Squid's delay pools are often useful, but not perfect. You need to be aware of a few drawbacks and limitations before you use them.

C.4.1 Fairness

One of the most important things to realize about the current delay pools implementation is that it does nothing to guarantee fairness among all users of a single bucket. This is especially important for aggregate buckets (where sharing is high), but less so for individual buckets (where sharing is low).

Squid generally services requests in order of increasing file descriptors. Thus, a request whose server-side TCP connection has a lower file descriptor may receive more bandwidth from a shared bucket than it should.

C.4.2 Application Versus Transport Layer

Bandwidth shaping and rate limiting usually operate at the network transport layer. There, the flow of packets can be controlled very precisely. Delay pools, however, are implemented in the application layer. Because Squid doesn't actually send and receive TCP packets (the kernel does), it has less control over the flow of individual packets. Rather than controlling the transmission and receipt of packets on the wire, Squid controls only how many bytes to read from the kernel.

This means, for example, that incoming response data is queued up in the kernel. The TCP/IP stack can buffer some number of bytes that haven't yet been read by Squid. On most systems, the default TCP receive buffer size is usually between 32 KB and 64 KB. In other words, this much data can arrive over the network very quickly, regardless of anything Squid can do. On the one hand, it seems silly to read this data slowly even though it is already on your system. On the other hand, because the client doesn't receive the whole response right away, it is likely to postpone any future requests until the delayed responses are complete.

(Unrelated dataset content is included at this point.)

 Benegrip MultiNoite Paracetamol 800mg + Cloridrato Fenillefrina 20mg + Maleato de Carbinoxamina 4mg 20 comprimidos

If you are concerned that the kernel buffers too much server-side data, you can decrease the TCP receive buffer size with the tcp_recv_bufsize directive. Even better, your operating system probably has a way to set this parameter for the whole system. On NetBSD/FreeBSD/OpenBSD, you can use the sysctl variable named net.inet.tcp.recvspace. For Linux, read about /proc/sys/net/ipv4/tcp_rmem in Documentation/networking/ip-sysctl.txt.

C.4.3 Fixed Subnetting Scheme

The current delay pools implementation assumes that your LAN uses /24 (class C) subnets, and that all users are in the same /16 (class B) subnet. This might not be so bad, depending on how your network is configured. However, it would be nice if the delay pools subnetting scheme were fully customizable.

If your address space is larger than a /24 and smaller than a 16/, you can always create a class 3 pool and treat it as a class 2 pool (that is one of the examples given earlier).

If you use just one class 2 pool with more than 256 users, some users will share the individual buckets. That might not be so bad, unless you happen to have a bunch of heavy users fighting over one measly bucket.

You might also create multiple class 2 pools and use delay_access rules to divide them up among all users. The problem with this approach is that you can't have all users share a single aggregate bucket. Instead, each subgroup has their own aggregate bucket. You can't make a single client go through more than one delay pool.